When asked why he decided to go to the scene, Airdo said that his father had decided to go and asked if Airdo would accompany him.
"My dad was upset. He had been concerned about (our friend)," he said. "I didn't know if he had been in an accident; I didn't know what happened."
In the meantime, the friend was given a field sobriety test, which he passed, as seen in video footage from the squad car. One officer instructed the friend to return to his vehicle.
A second officer noticed that Airdo and his father had parked across the street and were walking up to the squad car of the officer who had made the traffic stop. The police interaction with Airdo wasn't captured by the video camera, but a police officer documented what happened in a report.
According to the report:
Airdo shouted to the officers, "What are you doing? He's going back to my house!"
His father shouted, "Are you OK?" to the friend as he was returning to his vehicle.
The first officer explained he was on a traffic stop and told Airdo and his father to wait across the street until he was finished. Instead, police said, the two men continued toward the officer.
The second officer asked Airdo and his father to come with him to their vehicle and that he would tell them what was going on, at which point Airdo's father yelled a profanity. Airdo's father then got into the vehicle, but Airdo remained in the street.
The second officer tried to coax Airdo to move out of the street, but he responded, "No, if I get hit by a car it's on me!"
In response to additional requests made by the officer, Airdo made defensive statements, some that included profanities.
Airdo, who had a strong odor of alcoholic beverage coming from his breath according to the report, shouted to his friend to "Just go to my house! Go to my house! Go ahead and leave!" He also tried to walk toward his friend's vehicle, and when the second officer commanded him to stop he responded, "I'm a village official, I can go anywhere!"
After a police sergeant responded to the scene and spoke with Airdo and his father, they left, reports state. The friend was given a warning.
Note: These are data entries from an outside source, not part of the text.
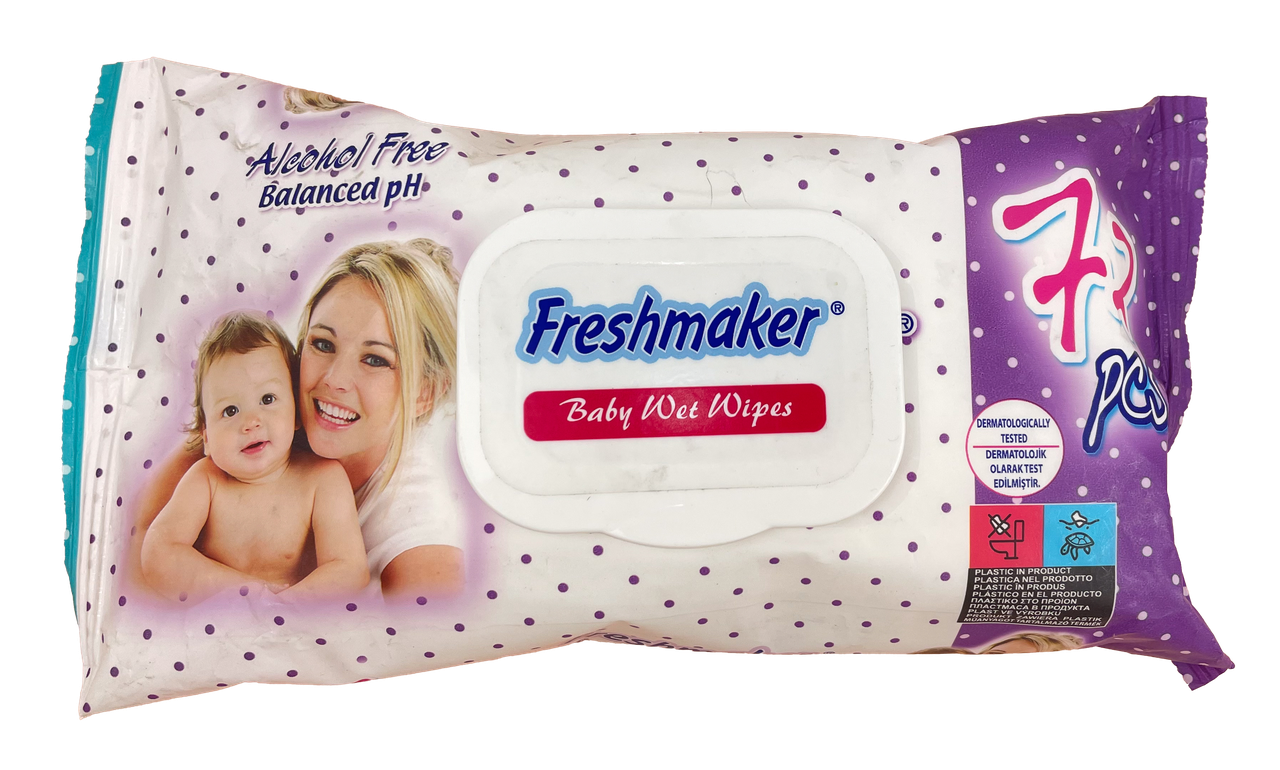 Вологі серветки для дітей Freshmaker з фліптопом 72 шт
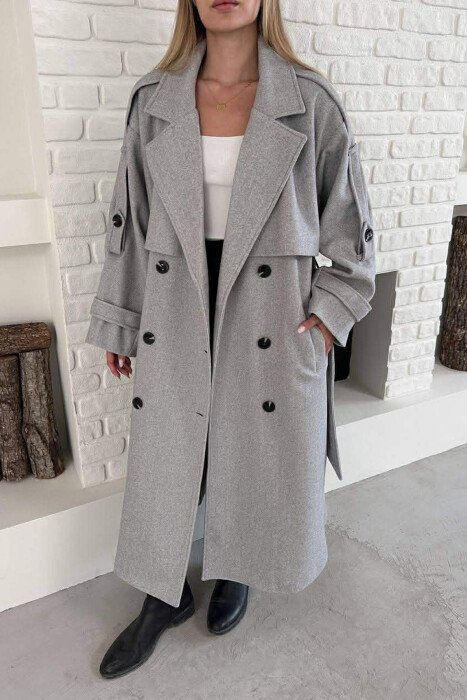 ONE COLOR BELT DETAIL WOMAN TRENCH COAT LIGHT GREY/GZ - 1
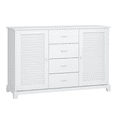 thumbnail image 2 of HOMCOM 47" Modern Storage Cabinet Buffet Sideboard with Drawers and Louvered Doors- White, 2 of 9
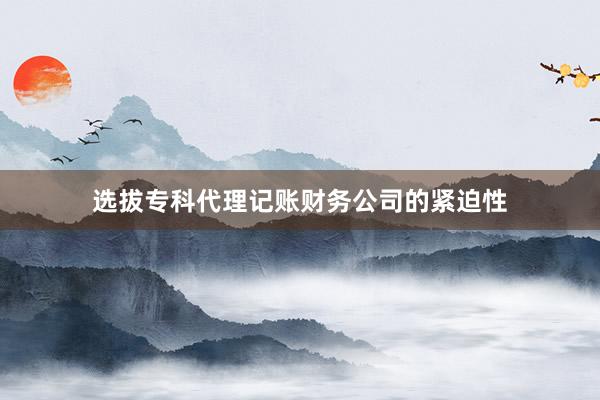 选拔专科代理记账财务公司的紧迫性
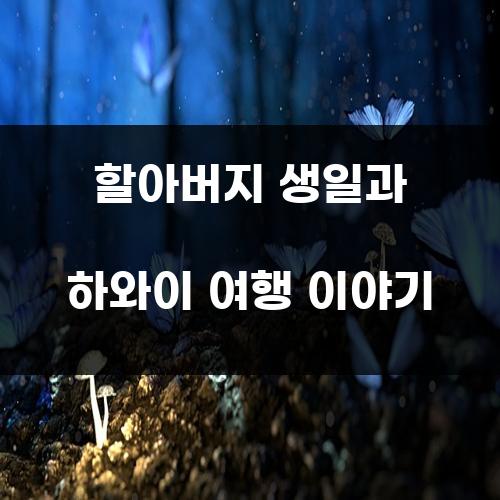 할아버지 생일과 하와이 여행 이야기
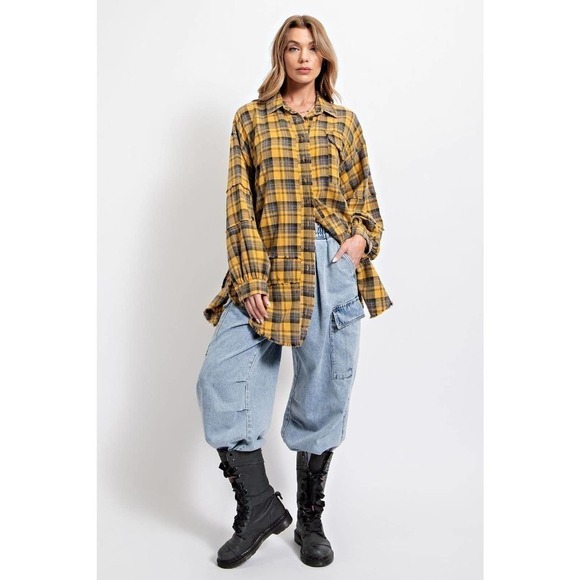 Mineral Washed Plaid Shirt - Picture 1 of 9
Airdo said Monday that when he realized he was "out of bounds" he listened to police and went back to the passenger seat of the vehicle.
"I was emotional because my dad was emotional," he said. "I became upset. I said things I shouldn't had said."
Bartlett Police Chief Kent Williams said in a statement released last week that Airdo's actions were "out of character." He said Airdo sincerely apologized shortly afterward and his apology was "readily accepted by all involved parties."
"Mayor Airdo's career as a public servant has demonstrated him to be a true champion for the entire staff of the Village of Bartlett," the statement reads. "We look forward to a continued strong relationship."